I believe that spending even a half-hour in chant development can transform the feeling of your protest into something vibrant, fun, energizing and on-message.

To develop great chants, we need to start with our message. At the time of this writing, there is a political effort to ram through approval of the Keystone XL Pipeline, so let’s go with that. Talk about your message as a group and write it across the top of a big piece of paper. You can have multiple messages.

Message:

The Keystone XL Pipeline would sell off the environment, our neighborhoods, our health and safety to fuel our oil addiction. It’s time for solidarity on a massive scale and direct action to stop it in its tracks!

It’s really important you start with your message, no matter how complex, because if you don’t you are not likely to clearly convey what you’re fighting for.

Now, we’ll take the key words (and synonyms) from these messages and write them on the left hand side of the paper. Let’s also include words that are related to these key words and ones that are important to our organization, committee, campaign and culture.

Let people free associate words/ phrases that rhyme with any of them. You can always add more words to the original list. Encourage creativity and stretching rhymes! Things that make people laugh should definitely end up in some chants. The more words you get out of the brainstorm, the more raw material you have for great chants) For example:

Keystone: (this is a hard one to start with!) flea-prone, free phone, unknown, re-grown, re-sewn, kneebone, tree cone

KXL: excel, Nextel, repel

Ooh! Just noticed that KXL looks like “X-tra Large”—let’s riff on that:

Extra-large: oil barge, Marge, sarge, What’s extra-large? Well, it’s an Extra-large problem: topple ‘em, optimum, cobble ‘em (together)

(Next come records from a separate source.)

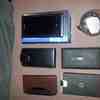 nokia lumia 800 / phone / not iphone htc samsung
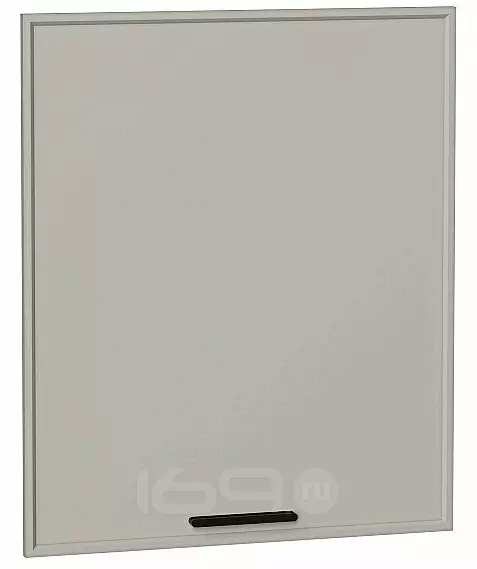 ФГ Фрейм Grey Silk 70.60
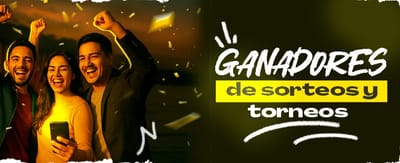 Bono por Referir Amigos screenshot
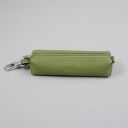 PETEK, , 2544-056-21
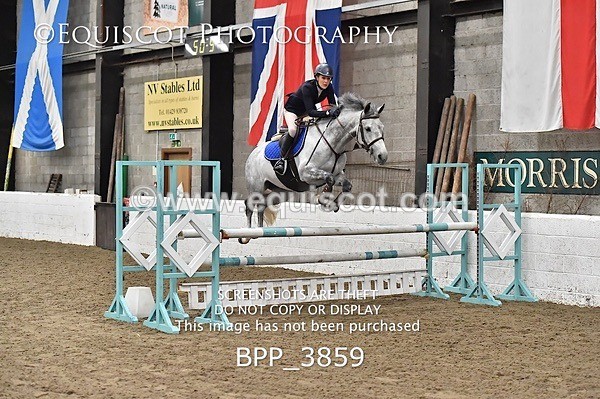 BPP_3859 - FRI CLASS 22 DISC/1M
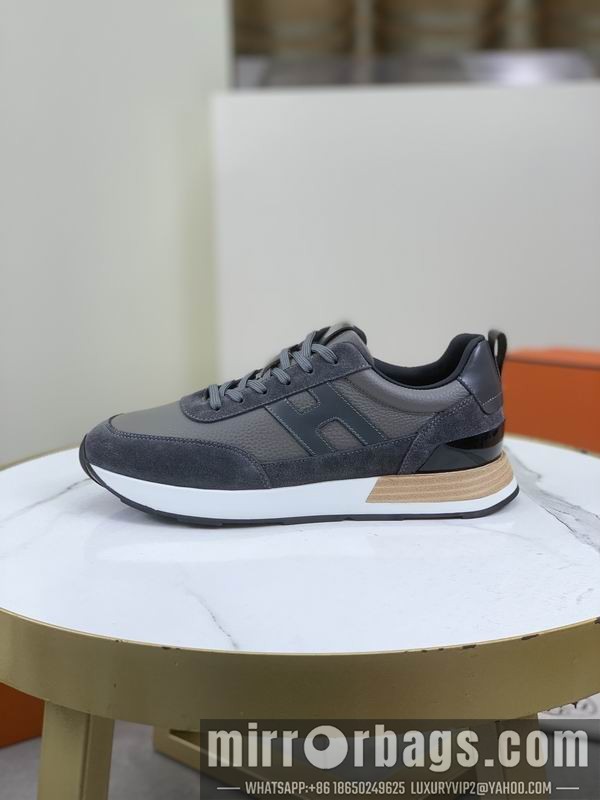 Hermes Shoes Hermes sz38-45 mnf0302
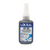 Loxeal 85-86 Thread Locking Sealant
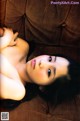 Rina Koike - Video Mouthful Cum P2 No.3ff8a6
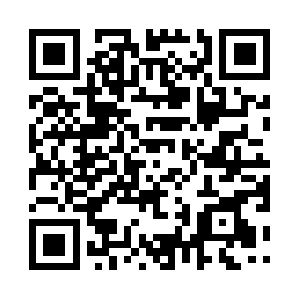 Autobedrijfvankooten.mobi QR code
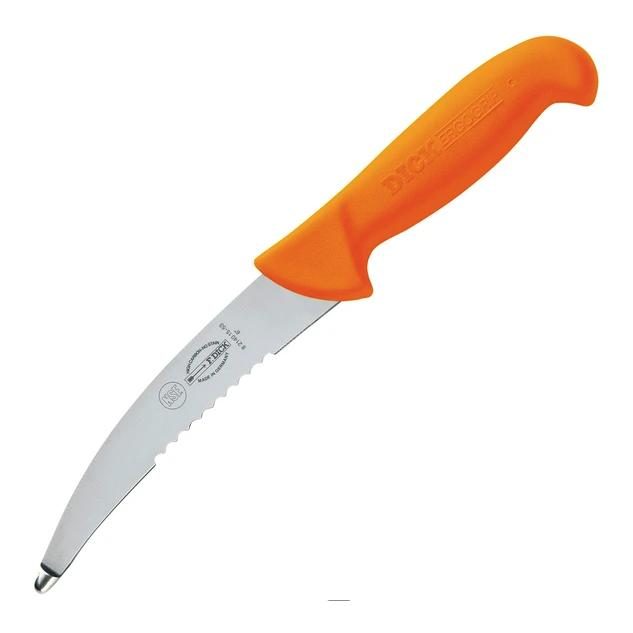 Dick Aufbrechmesser ErgoGrip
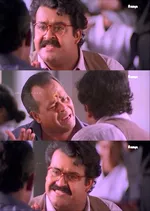 chandralekha memes, memes, plain memes, chandralekha movie meme, chandralekha movie plain meme, chandralekha movie malayalam memes - Nalla anusarana ulla mol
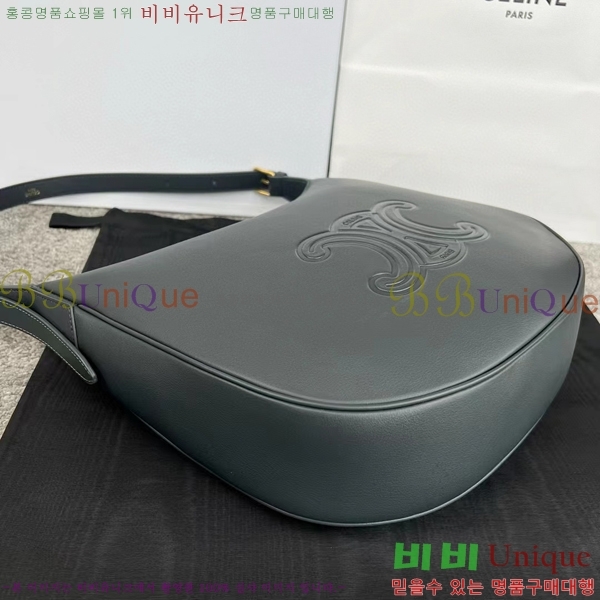 #������ ���� ī����Ų �������� �� �̵�� 114713-934 �׷���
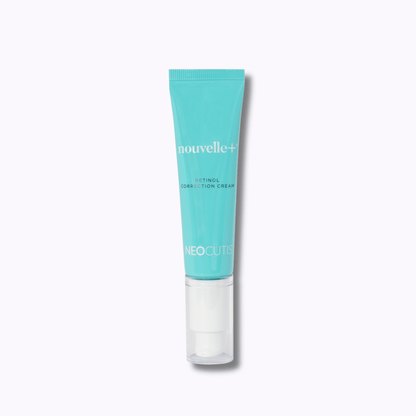 Neocutis Nouvelle + Retinol Correction Cream - DermStreet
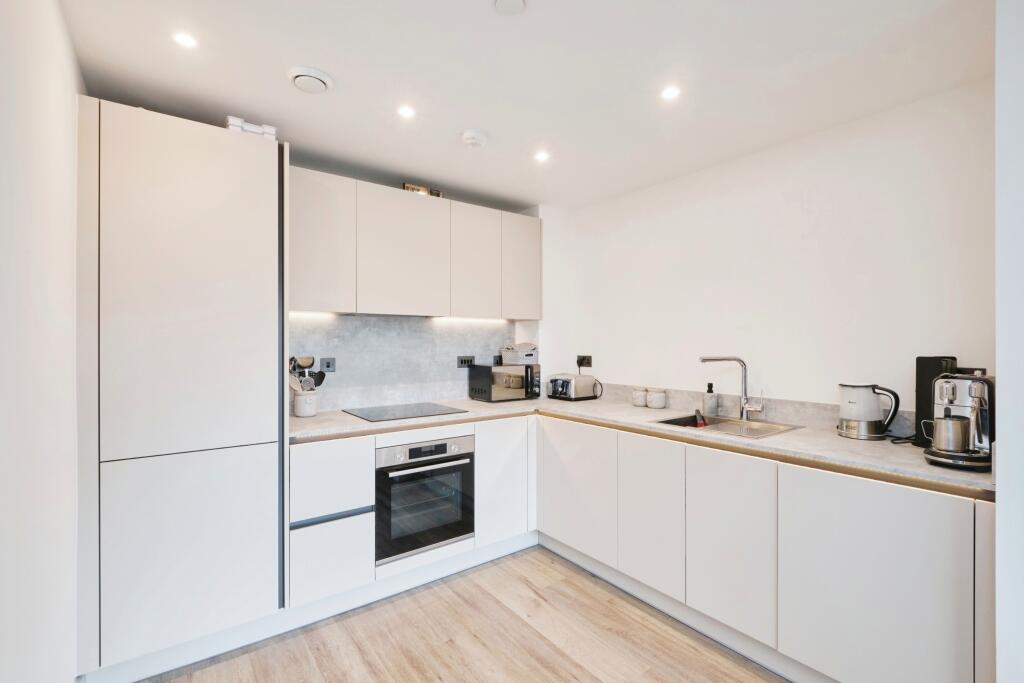 Additional image 4 of 63 Shadwell Street, Birmingham, B4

Oil: boil, coil, doily, foil, goil (girl), loyal, royal, spoil, woild (world).

Note that for this one, we’re basically going through the alphabet and trying letters with the “oil” suffix. And stretching it a bit.

Pipeline: not the right time, lifeline, nighttime, fight mine,

Trans-Canada: Plan spanning the, hams spamming ya, The Man’s plannin’ the, hands fanning the (flames) Now go off of this last one—playing their games, taking names, looking for fame, we can’t settle for more of the same!

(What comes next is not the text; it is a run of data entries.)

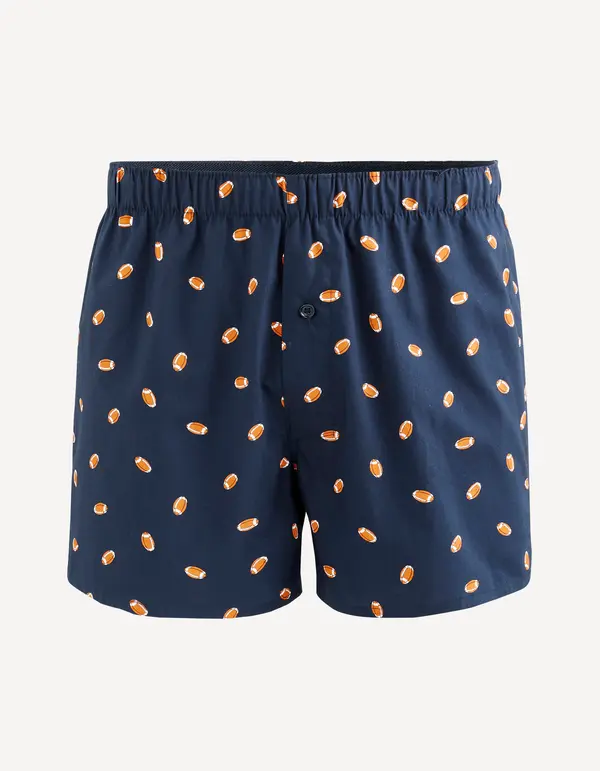 Celio Celio Shorts Vichalak - Mens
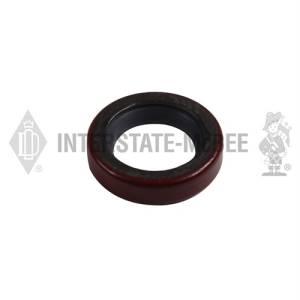 Interstate-McBee Bearing - Seal - Water Pump - M-8C5210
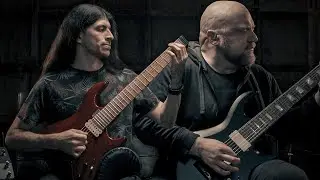 Dååth - 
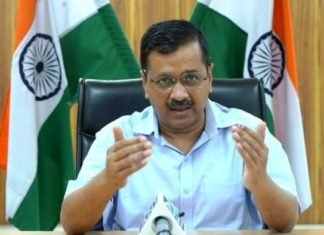 CM केजरीवाल का ऐलान, दिल्ली में 20 अप्रैल से लॉकडाउन में नहीं दी जाएगी छूट लॉकडॉउन-2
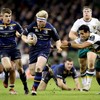 Cullen's Leinster to play Champions Cup pool opponents in pre-season friendly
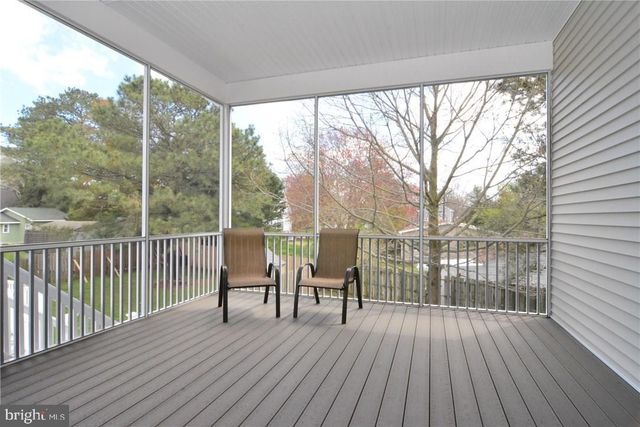 20495 LINCOLN ST, Rehoboth Beach, DE 19971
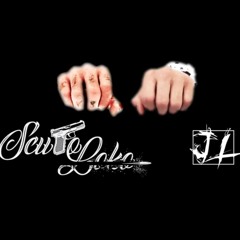 Jota L ft Scuro Loko - My devil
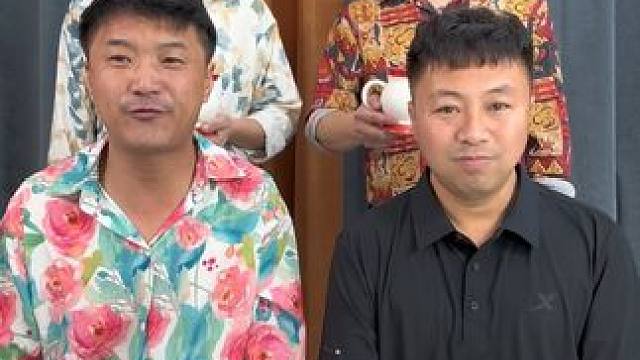 我发布了一个新视频，快来围观吧！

Lobbyist: hobbyist, robbery twist, floppiest, gloppy kiss

Politicians: gone fishin’, on a mission, wishin’, kissin’, something’s missin’

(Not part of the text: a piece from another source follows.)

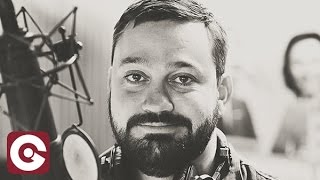 FRITZ KALKBRENNER - Two Birds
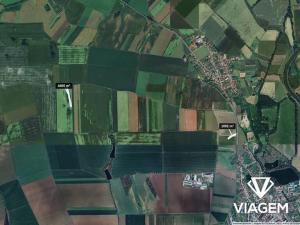 Prodej podílu pole, Kojetín, 635 m2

Representatives: tentative, anal retentive

Senate: win it, spin it, end it

Politics: dirty tricks, flicks, make me sick

Environment: liar sent, a mired tent, tired and spent, tryin’ to pay rent, timely sent

Neighborhoods: a bill of goods, a waiver could, should, would, save our woods

Health: wealth, stealth, filth

Safety: don’t mistake me, it’s chafing, wakey-wakey

Addiction: affliction, restriction, conscription, prescription, good diction

The People: equal, sequel

Organize: eyes, prize, flies, ties, whys, size

Fight Back: under attack, catching flack, move from the bottom to the top of the stack

Rights: fights, nights, tights, lights

Direct action: gain traction, satisfaction, fraction

Just put everything up, without judgment. Next, break up into small teams and give each group a short amount of time (20 minutes or less) to combine these words and phrases into chants. They can always add more words. The only rule is, when we combine these rhymes into chants, we want them to reflect our message(s).

Bring everybody back and perform!

Please feel free and encouraged to use any of these rhymes for your own actions.

Here are my contributions:

(Style: Rhymes-within-the-rhyme)

Keystone politicians

Only loyal to oil

Listen boils and goils

They’re tryin’ to spoil the woild

But we’ll

Foil their plans

Stop ‘em with our bare hands

Trans-

Continental solidarity

Take a stand!

And:

(Style: the classic couplet—2 line chant)

KXL’s got an extra-large problem

100,000 activists

Are gonna topple’ em

(I tried to get a little too clever with this last one and have it be “100,000 activists are optin’ in to topple ‘em” but that gave no space to take a breath. Breathing=important).

One thought on “Say What You Mean: Creative Chant Development

  1. You are SO right about the tiredness of old chants, energy-sucking defaults. SO right. Your suggestions here are very clever and smart. And the whole process you’ve laid out is skillful and creative. Everyone reading this should hire you to run one of these workshops. Turn it into a potluck and I’m pretty sure the ideas will flow. just fine.